In 1963 a predecessor organization was established, the Organisation des Etats Riverians du Fleuve Sénégal (or the Senegal River Riparian States Organization), with the four border countries—Guinea, Mali, Mauritania, and Senegal—to manage the Sénégal River drainage basin and the river itself. This organization dissolved when Guinea withdrew due to political tensions and the three remaining countries subsequently created the OMVS. Guinea returned to the organisation in 2006.
The OMVS aims to promote self-sufficiency in food security, to improve the income of the local populations, and to preserve the natural ecosystems. The area has a total population of 35 million inhabitants, of whom 12 million live in the river basin, and where malaria control intervention coverage is among the lowest in the world.

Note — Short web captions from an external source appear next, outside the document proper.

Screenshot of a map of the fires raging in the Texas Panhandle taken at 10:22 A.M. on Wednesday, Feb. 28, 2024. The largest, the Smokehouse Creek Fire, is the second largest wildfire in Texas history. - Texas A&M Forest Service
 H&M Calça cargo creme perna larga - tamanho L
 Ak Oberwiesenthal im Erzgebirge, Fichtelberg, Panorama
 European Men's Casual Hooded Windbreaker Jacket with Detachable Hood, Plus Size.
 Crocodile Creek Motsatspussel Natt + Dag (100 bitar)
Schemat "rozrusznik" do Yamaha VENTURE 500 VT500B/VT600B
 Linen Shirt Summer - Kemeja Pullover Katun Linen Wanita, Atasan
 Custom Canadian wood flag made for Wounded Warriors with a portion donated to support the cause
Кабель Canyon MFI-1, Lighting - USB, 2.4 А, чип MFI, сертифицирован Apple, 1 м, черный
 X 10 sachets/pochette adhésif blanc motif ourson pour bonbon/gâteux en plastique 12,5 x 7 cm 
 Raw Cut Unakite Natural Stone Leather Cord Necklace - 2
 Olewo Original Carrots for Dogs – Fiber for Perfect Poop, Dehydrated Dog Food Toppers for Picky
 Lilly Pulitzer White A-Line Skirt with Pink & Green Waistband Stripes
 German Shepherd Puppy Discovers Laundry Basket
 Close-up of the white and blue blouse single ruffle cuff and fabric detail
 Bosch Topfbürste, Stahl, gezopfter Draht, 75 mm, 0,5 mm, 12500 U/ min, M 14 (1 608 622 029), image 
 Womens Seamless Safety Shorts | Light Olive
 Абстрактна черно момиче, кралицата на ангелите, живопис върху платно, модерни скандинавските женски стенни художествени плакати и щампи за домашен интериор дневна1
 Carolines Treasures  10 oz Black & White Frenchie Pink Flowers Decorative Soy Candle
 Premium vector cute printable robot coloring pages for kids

OMVS has recently received a high score in a global comparison of indicators of Water Cooperation prepared by international think-tank Strategic Foresight Group. OMVS has a score of 91 in the Water Cooperation Quotient, which examines active cooperation by riparian countries in the management of water resources using 10 parameters, including legal, political, technical, environmental, economic and institutional aspects. The Quotient is calculated on a scale of 0 to 100, with 100 being the best performance. High performance in the Water Cooperation Quotient also means low risk of war between countries in the concerned river basin.